So a couple of weeks ago my downstairs neighbor’s dog began barking. Incessantly. Then, it began alternating between yapping and howling the most pitiful, lonely wolf howl you have ever heard in your life.
That went on and on, hours at a stretch, for days. And days. And days.
To make matters worse, the dog was confined to one room, which happens to be right below my office. On top of that, my dog Spazzy was very upset about the whole thing, so she took to pacing the room and giving me a look that clearly said, well aren’t you going to do something?? So I did. I grabbed my laptop and moved to the living room. The only problem was that I could still hear the dog.
I am, in case you didn’t know, an animal person. I can’t walk into a pet store if they sell animals because it makes me want to cry to see them in cages. It’s too darned sad. So the sound of Los Lonely Pup downstairs upset me as much as it did Spazzy, plus it was making it hard to get any work done. Finally I decided to talk to my neighbors about their little yapper. I also had what I hoped would be a solution.

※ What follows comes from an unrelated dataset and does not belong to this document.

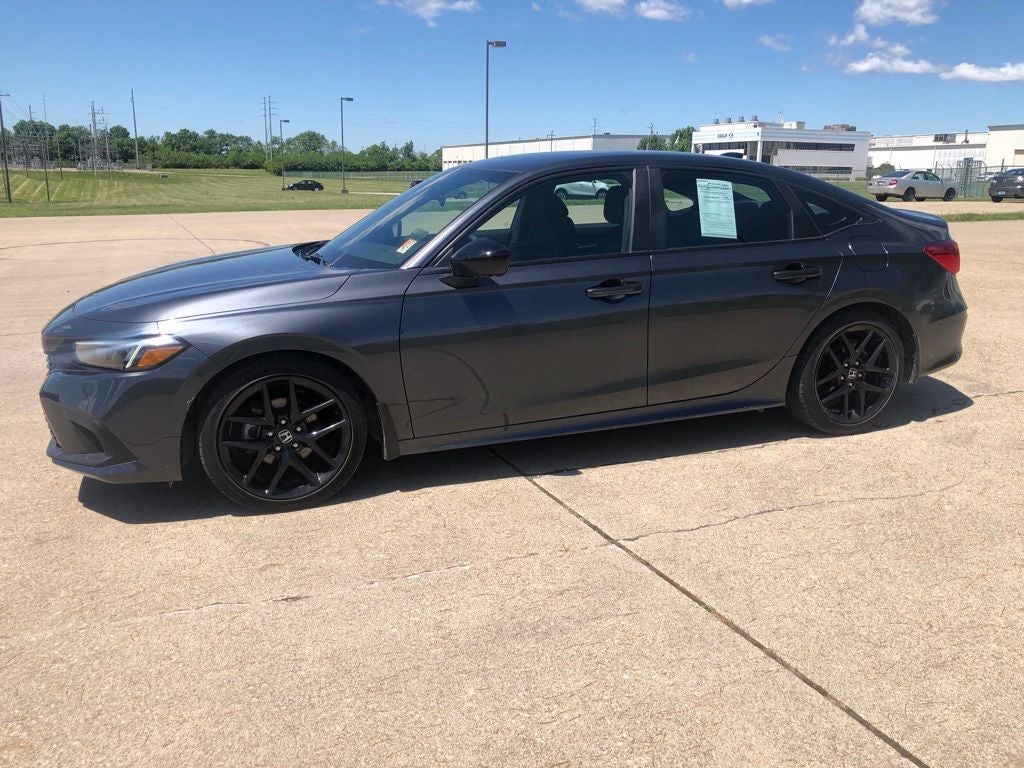 2024 Honda Civic Sport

When we first got Spazzy from the pound, it was pure hell. She wasn’t house trained, gnawed on anything she could get her mouth around, and had horrible separation anxiety. She just would not shut the fuck up while we were gone, which I know because our neighbor across they way told us so. After a great deal of time and money was spent on dog walkers and doggy daycare and whatnot, we finally found a trainer that gave us some very good and practical advice. One of the things she suggested was a KONG toy, which is basically a cone shaped piece of rubber that’s hollow. You fill it with treats and it keeps them busy forever while they try to get the food. It was a miracle, and kept Spazzy quiet for long periods of time.

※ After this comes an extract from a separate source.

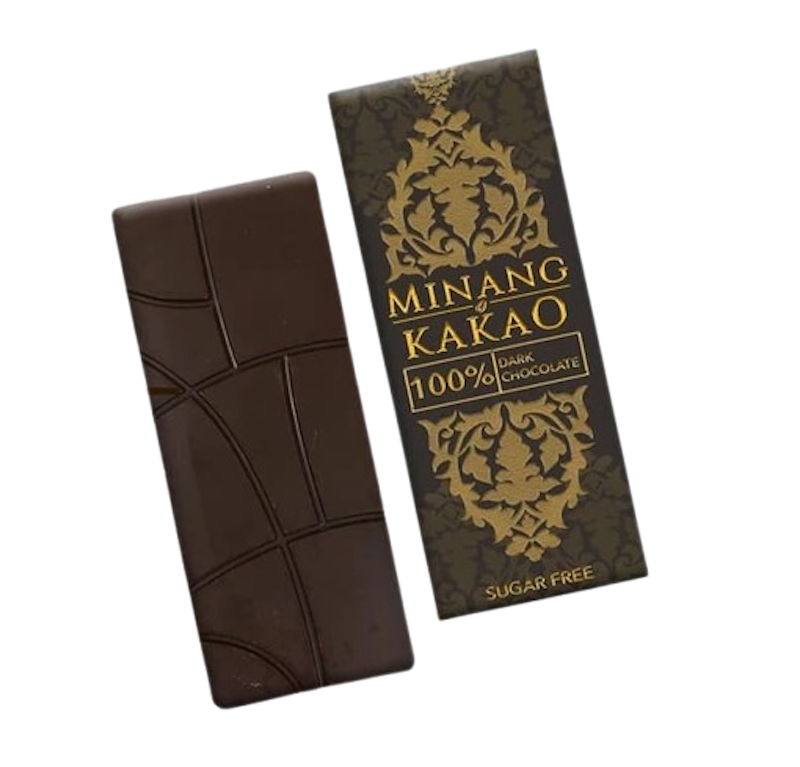 Minang Kakao 100% Dark Chocolate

So I dug the toy out of a cabinet, washed it, and went downstairs to offer it to my neighbors. When she opened the door, I said hello and blah blah blah, and then I very nicely told her that her dog was pitching a fit. Her response was, “Pitching a fit? What does that mean?”

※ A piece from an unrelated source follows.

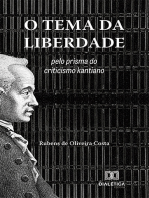 O tema da liberdade: pelo prisma do criticismo kantiano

Side note – Is that a Texas thing? I asked my husband if people say pitching a fit (okay, I say pitchin’, G’s are silent to me, m’kay?) in California too, or if it’s a Tex-ism. He swears it’s a common phrase, but it’s possible he’s been with me so long it just sounds normal to him. *shrug*
Anyway, I explained about the howling and barking, and right about that time Spazzy started pitching a world class fit. I am talking a doggy temper tantrum of epic proportions. Awesome. So I hold up the rubber toy, and tell my neighbor about how fantastic it is, and keeps dogs busy and quiet, and perhaps she’d like to give it a try and see if it helps her pup? All the while Spazzy is barking her little head off upstairs, and let me tell you, the yip yapping of a min-pin is one of the most annoying sounds on the planet. You should have seen the look on my neighbor’s face. She did take the toy, but with an expression that clearly said I probably needed it more than her.